Kim (DH) always fixes brunch on Sundays, and today, for a change, he made ham and cheese omelets. They ended up being the best he's ever made! 

His omelets have never been bad, but they've been a little over-done for my taste. They were cooked firmly all the way through, while I like mine still a little creamy inside. 

But today, he agreed to try cooking them my way, and he was very pleased. They were light, fluffy and still creamy inside.


----------



## Katie H (Jul 8, 2007)

Sounds yummy, Connie.  I like my scrambled eggs on the"wet" or creamy side, too.  Looks like Kim had a winner.


----------



## jpmcgrew (Jul 8, 2007)

That method is my favorite way to make omelets the French do it this way they dont flip omelet to dry it out they let them get almost firm on the bottom by kinda moving eggs around gently then add fillings fold in half and thats it.I also like my scrambled eggs very soft not over cooked and dry.


----------



## Constance (Jul 13, 2007)

That's exactly how he did it, Crew. I showed him how to lift the edge of the omelet and tilt the pan, letting the uncooked egg flow to the bottom.  

Like you and Katie, I also like my scrambled eggs soft. If you cook eggs too long, they get rubbery.


----------



## mitch_the_chef (Jul 14, 2007)

Haha, I remember seeing that method used on Glutton for Punishment.
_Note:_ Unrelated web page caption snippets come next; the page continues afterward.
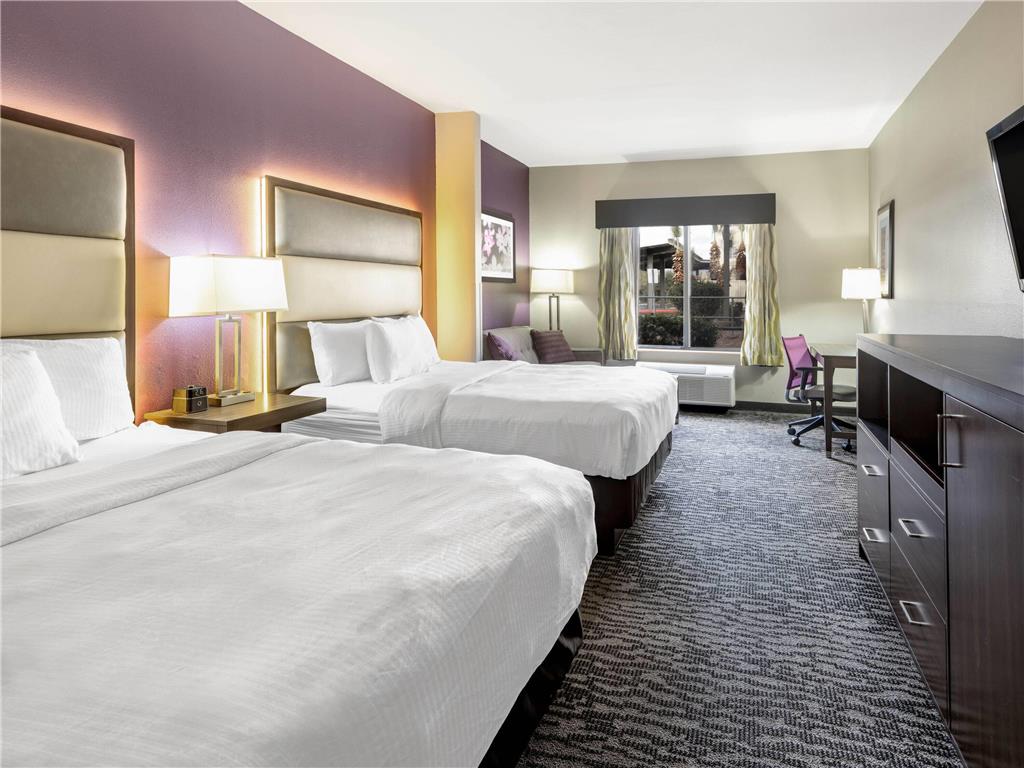 La Quinta Inn & Suites by Wyndham NW Tucson Marana - photo 37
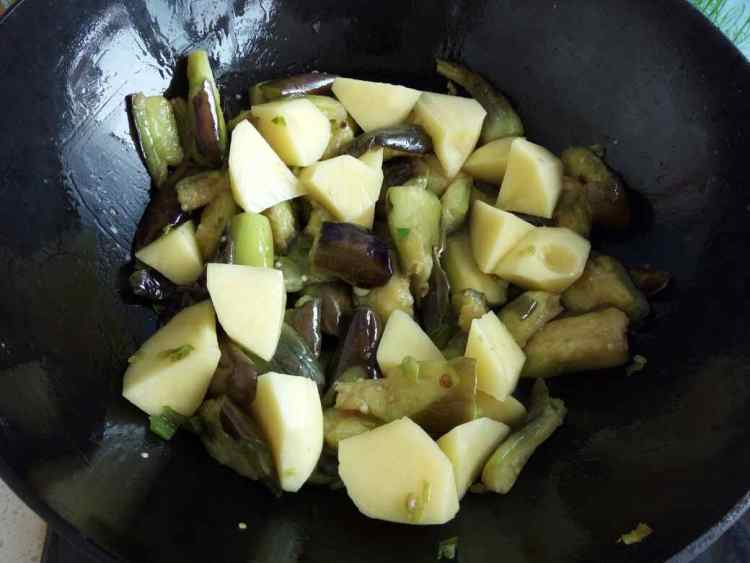 家常茄子炖土豆步骤5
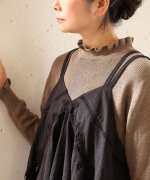 コットンリネンキャンバス×バテンレース　2wayキャミソール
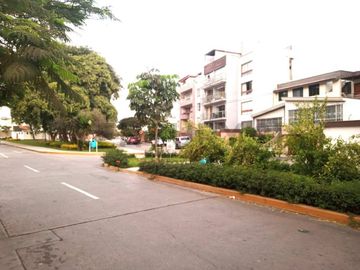 Linda casa en excelente ubicación - San Borja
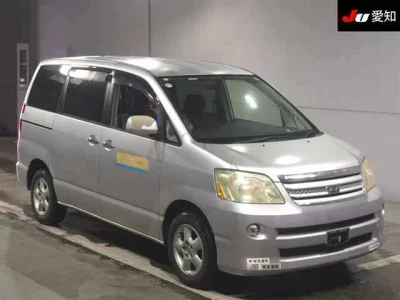 Toyota NOAH  с аукциона в Японии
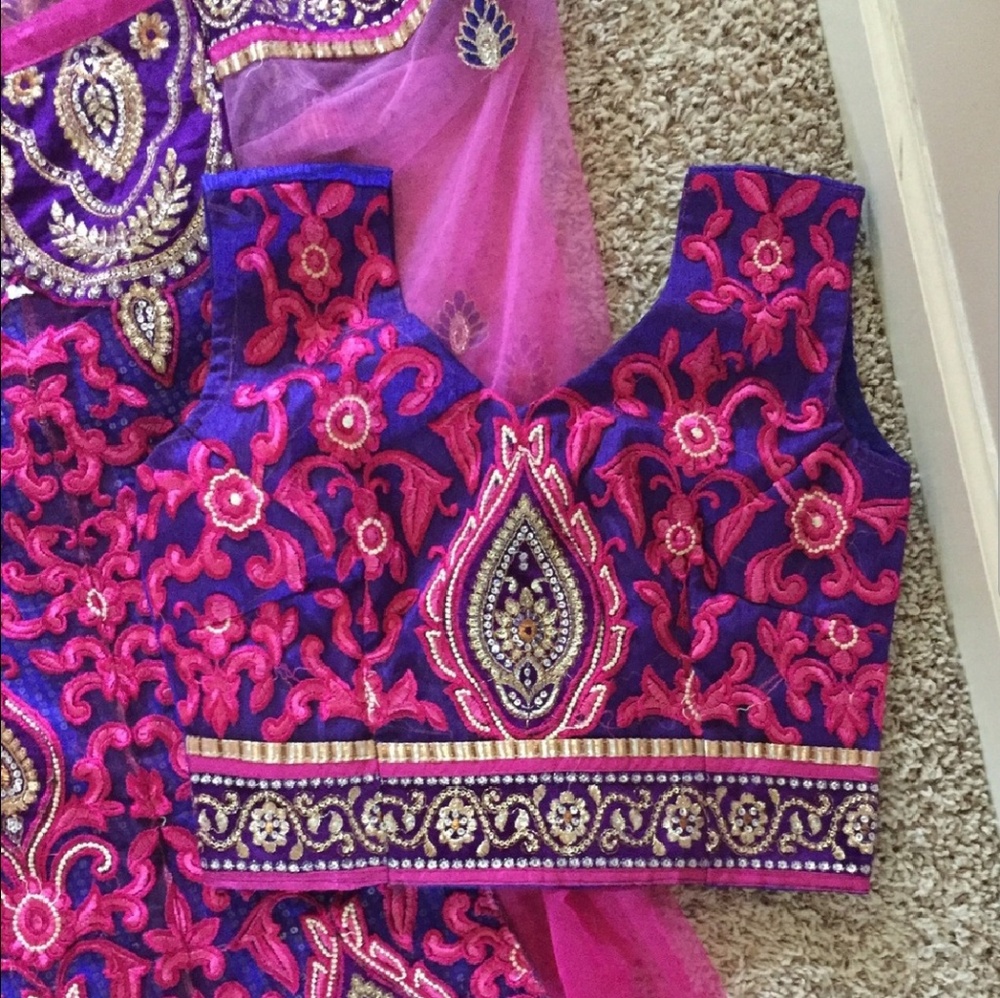 🍇🥂😍 Bollywood saree worn once. - Picture 3 of 5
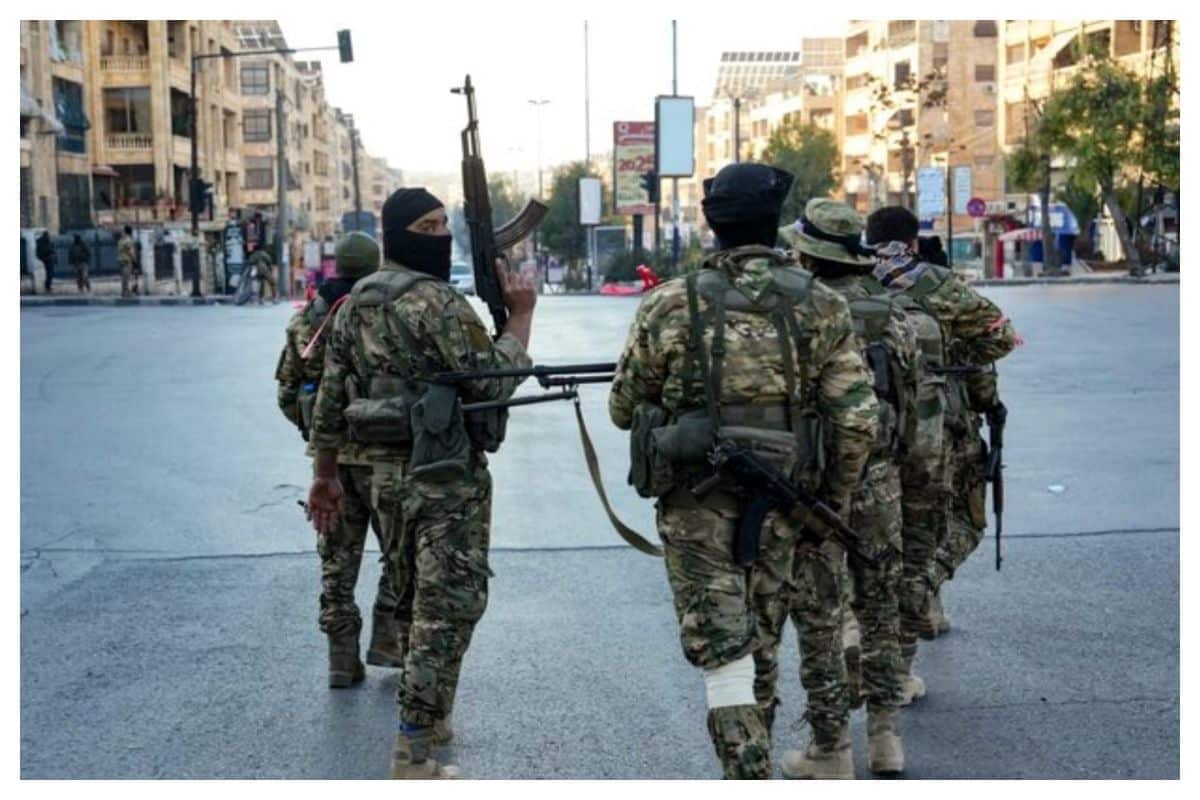 فیلم| حرکت غیرانسانی نیروهای تحریر الشام با معترضان | دیلی فوتبال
Whats it called again...?


----------



## Robo410 (Jul 14, 2007)

blond omelets are wondrous events, get them dry and brown and you can toss it as far as I'm concerned.  I like my fritatas slightly soft too.


----------



## Constance (Jul 14, 2007)

Funny you should mention that, Robo. I've been craving a frittata. I've only made a couple, and I did get them a little dry, I thought. Do have any hints on that?


----------



## Billdolfski (Aug 15, 2007)

I like my eggs over easy... so runny eggs don't bother me but there is just something unnerving about my scrambled eggs being on the "wet" side.  I actually like my scrambled eggs kinda dense.


----------



## Constance (Aug 15, 2007)

Dense is fine, but I don't like them cooked until they're hard and dry.


----------



## Uncle Bob (Aug 16, 2007)

Can I have a side of grits with that Miss Connie???


----------



## Constance (Aug 16, 2007)

You sure can, Uncle Bob! Do you want sausage or bacon to go with that?


----------



## Uncle Bob (Aug 16, 2007)

Well Miss Connie, as hungry as I am, if it's not to much trouble......can I have both????  Ha! HA!!!


----------